Erdoğan, Türkiye’deki depremin ülkedeki seçimleri geciktirmeyeceğini söyledi

Elif

New member
16 Haz 2021
971
0
0
ADANA, Türkiye — Cumhurbaşkanı Recep Tayyip Erdoğan Çarşamba günü, Türkiye’nin kritik seçimlerini geçen ay meydana gelen yıkıcı deprem nedeniyle ertelemeye niyeti olmadığını ve daha önce 14 Mayıs’ta duyurulduğu gibi devam edeceklerini söyledi.

Türk lider, feci 6 Şubat depreminden bu yana ilk kez bir seçim tarihini açıkça dile getirerek, cumhurbaşkanlığı ve parlamento seçimlerini erteleme girişiminde bulunup bulunmayacağına dair soruları gündeme getirdi.

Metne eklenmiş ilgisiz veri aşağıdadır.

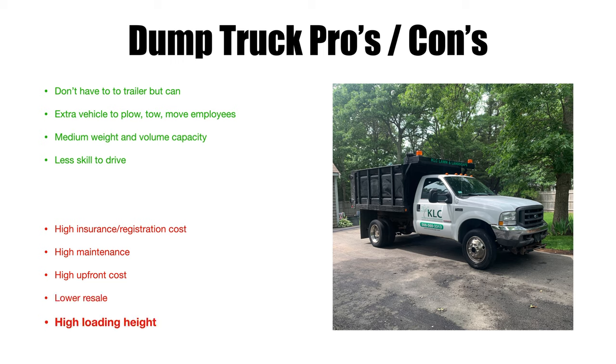Another con is higher loading height. If you want to empty a wheelbarrow into the back of a dump truck, you can use a long ramp and roll it up, but you're a good foot to two feet higher — maybe even more, depending on the truck — than you would be with a dump trailer.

Deprem, Türkiye’nin güneyinde ve Suriye’nin kuzeyinde geniş bir alanı harap etti ve şimdiye kadar 51.000’den fazla insanı öldürdü. Sayı her gün artıyor.

Cumhurbaşkanı Erdoğan, partisinin partisi Adalet ve Kalkınma Partisi’nin üyelerine, “Bu millet -vakti 14 Mayıs’ta- Allah’ın izniyle gerekeni yapacaktır” dedi. Aynı tarihi depremden önce de açıklamıştı.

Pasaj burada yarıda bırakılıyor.